Editorial

Si echamos un vistazo atrás y nos adentramos en las hemerotecas, las crónicas o la historia, comprobamos que la sequía siempre ha existido. No es es nada nuevo, lo único es que ahora son mucho más frecuentes y severas.
Hasta hace poco, la falta de agua la situábamos en África como algo lejano. Pero desde el año 2000, están afectando a todos los continentes, desde Asia a toda Europa pasando por América de norte a sur.
Se estima que para el año 2050, es decir, pasado de mañana, las sequías podrán afectar a más de las tres cuartas partes de la población mundial, lo que les podría afectar a 216 millones de personas que incluso podrían verse obligadas a emigrar.
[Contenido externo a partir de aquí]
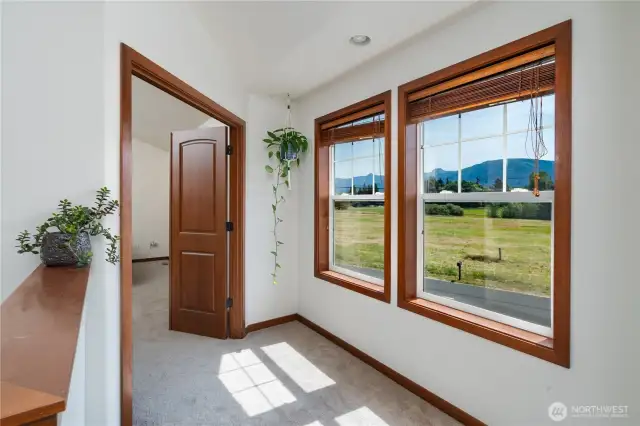 Wood cased windows and trim and blinds throughout.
Si las cosas no cambian, nos encaminamos a un mundo donde el agua dulce y el suelo rico y productivo serán solo un sueño, y no para millones de personas, sino para miles de millones de habitantes de este mundo.


Sin embargo, hay una esperanza. A diferencia de muchos otros peligros, tanto naturales como inducidos por el hombre, las sequías son sumamente predecibles y ocurren de manera lenta y cíclica. Esto significa que podemos adelantarnos a ellas y no tienen por qué convertirse en desastres. La solución radica en el intercambio de conocimientos, la capacitación, la buena gobernanza y una financiación suficiente. Hay que adaptar las técnicas agrícolas y de gestión de la tierra, restaurar las tierras degradadas, desarrollar la resiliencia para recuperarse, combatir la deforestación y creer en el cambio climático.